Here are some of the pointers from the week's trading:
Index options:
Despite the upmove in the spot market, demand was primarily concentrated on the in-the-money calls. This suggests that the dealers were nervous about the market rally; otherwise, they would have demanded more out-of-the-money calls, which are cheaper.
The November 1000 calls closed Thursday at Rs 34.95. The open interest in the calls stands at 1695 contracts. The calls are currently in-the-money by 36 points and the break-even for the call-buyer is 1035. A low put-call ratio of 0.31 favors the calls. With the November 1000 calls currently deep in-the-money and with only 4 days for expiration, the gamma of the option is very low. This means that dealers cannot profit much from the movement in option premium due to the upward movement in the spot index in the next 4 days.
The November 1020 calls closed Thursday at Rs 21.35. The open interest in the calls is now at 1151 contracts. The 1020 calls are currently in-the-money by 16 points. The put-call ratio in the 1020 strike is lower than in the 1000 strike, which suggests that the market may not fall below 1020 levels in the next 4 days. This can be corroborated with the probability of the put ending in-the-money, which is just half that of the call ending in-the-money. The spot index has to fall by 3 per cent to 1005 within the next 4 days for the put-buyer to profit from his or her position.

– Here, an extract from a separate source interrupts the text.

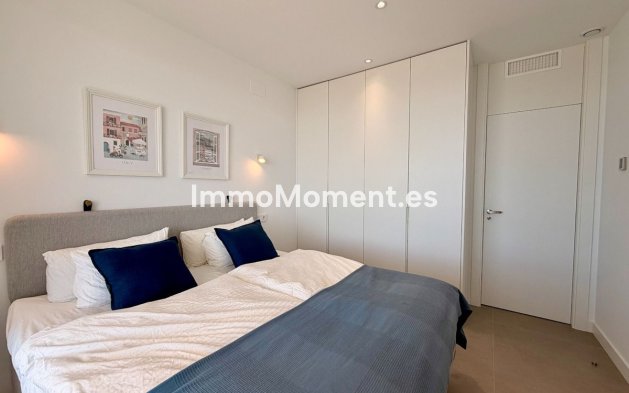 Bestaande woning - Appartement - Fuengirola - Higueron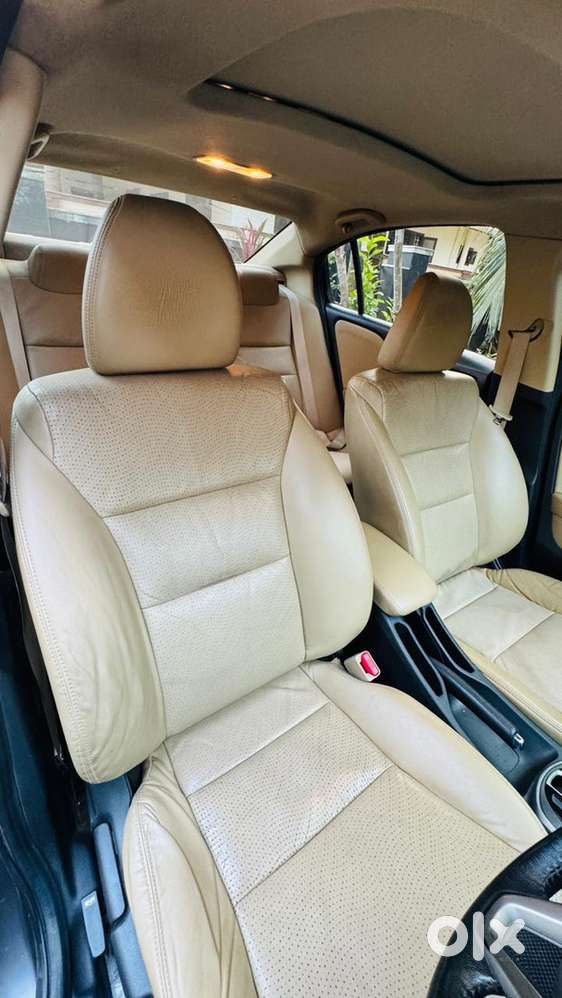 Honda City Petrol 2017 Automatic Neat & Clean Car For Sale Or Exchange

The November 1040 calls were the only out-of-the-money calls traded on Thursday. The calls closed Rs 10.45, and the open interest stands at 485 contracts. The 1040 puts, which are in-the-money by 4 points, closed at Rs 23.65. The puts are highly overpriced based on an option valuation model. Dealers who are willing to assume some risk may do well to bet on the 1040 calls; the higher gamma points will enable the dealers to somewhat profit from upmove in the spot index.
In the December contract, there was some demand for calls and puts in 960, 1000 and 1040 strikes.
Single-stock options:
In this segment, Satyam, Digital Globalsoft, Reliance Industries, Sterlite and L&T were actively traded during the previous week. As with index options, dealers were primarily demanding in-the-money calls.
The November 160 calls on Satyam closed Thursday at Rs 18.70. The option is currently in-the-money by 17.5 points. Though the probability of the option ending in-the-money is very high, dealers may need to consider the loss in option premium due to time-decay. With only 13 days to expiration, buyers of the 160 calls may loose about 5 points in option premium, while buyers of the 170 calls will loose only 3 points.
The November 260 calls on Reliance closed at Rs 19.55, while the puts closed at Rs 2. A low put-call ratio suggests that dealers expect the stock to stay above the Rs 260 in the spot market.
The November Sterlite 130 calls closed Rs 18.05, while the 140 calls closed at Rs 11.65. The 130 and 140 calls are currently in-the-money by 16 points and 6 points respectively. While the 130 calls are more likely to expire in-the-money, the gamma points favor the 140 calls.
In all, demand for in-the-money index and equity calls suggest not-so-bullish outlook on the market. Another point: those wanting to buy puts to bet on the downside need be aware that puts are generally overpriced in the market relative to the calls.